Examine this photo carefully and note the placement order of riders with, and without gloves.


----------



## Kram (Jan 28, 2004)

The best pr of gloves I ever had were full-finger, non-padded gloves. I wore them untill they completely wore out. I haven't been able to find suitable replacements yet. Had some gel C-dale gloves that I actually liked but they wore out inside 1-2 months. Got tired of taking them back and having them replaced. It'll be no gloves until I find something I like.....


----------



## 32and3cross (Feb 28, 2005)

Creakyknees said:


> Examine this photo carefully and note the placement order of riders with, and without gloves.
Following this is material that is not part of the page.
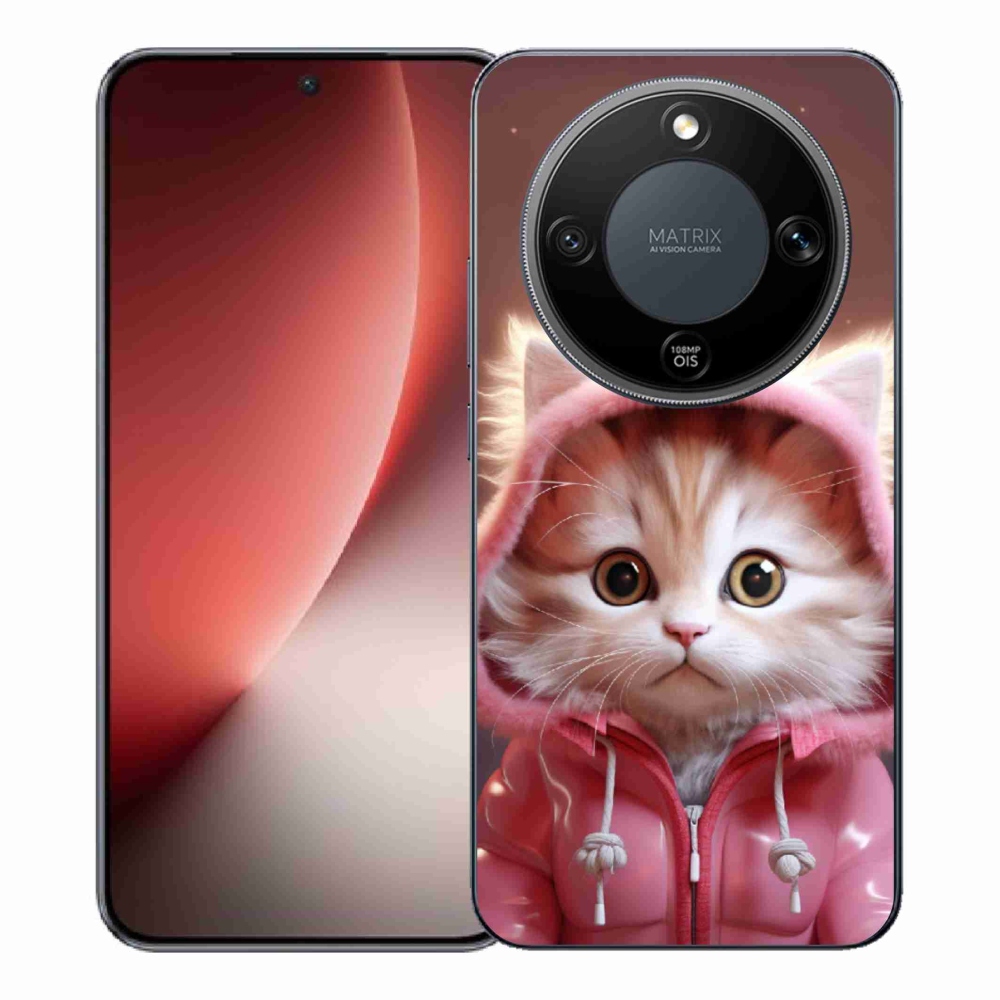 Gél borítás mmCase a Honor Magic 8 Lite 5G számára - aranyos cica 3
Totally pointless but thanks for the photo.


----------



## den bakker (Nov 13, 2004)

Creakyknees said:


> Examine this photo carefully and note the placement order of riders with, and without gloves.


so people wearing gloves pick their nose?


----------



## 55x11 (Apr 24, 2006)

32and3cross said:


> Totally pointless but thanks for the photo.


Actually Frank (no gloves) finished 2nd, and Andy (gloves) finished 3rd, despite how the photolens makes it seem. So at least in Schleck family no-gloves seem to produce better results.


----------



## Creakyknees (Sep 21, 2003)

Kram said:


> The best pr of gloves I ever had were full-finger, non-padded gloves. I wore them untill they completely wore out. I haven't been able to find suitable replacements yet. Had some gel C-dale gloves that I actually liked but they wore out inside 1-2 months. Got tired of taking them back and having them replaced. It'll be no gloves until I find something I like.....



my current long fingers are some Fox racing; they came with a huge gel pad bump in exactly the wrong place, so I cut it out and now they fit the description above.


/ edit - these look good: http://www.hucknroll.com/nema-breather-glove


----------



## bmxhacksaw (Mar 26, 2008)

I ride without gloves a lot of the time - especially when climbing - but I just picked up a pair of Castelli Rosso Corsos...










...they're pretty sweet.


----------



## 88 rex (Mar 18, 2008)

I'm a full finger glove guy year round. I prefer non padded. I have a decent pair of Specialized and Pearls that I like.


----------



## The Weasel (Jul 20, 2006)

Wookiebiker said:


> I wear full fingered gloves year round...but that's just me.


Same here. Kind of the last hangover from the days when I mountain biked more than road. But I still like them and don't feel any worse in them on even the hotest days.


----------



## Kram (Jan 28, 2004)

They do look good, and the price is right, although when it's warm I wouldn't want full finger....


----------



## 88 rex (Mar 18, 2008)

Kram said:


> They do look good, and the price is right, although when it's warm I wouldn't want full finger....



It's really not that bad. You'd be surprised. Just get something with good air flow on the backs of your hands. Maybe it's a mountain biker thingy?


----------



## roadie92 (Jan 21, 2008)

I wear full finger gloves during crit races, but other than that my hands go naked. I've always found them uncomfortable.


----------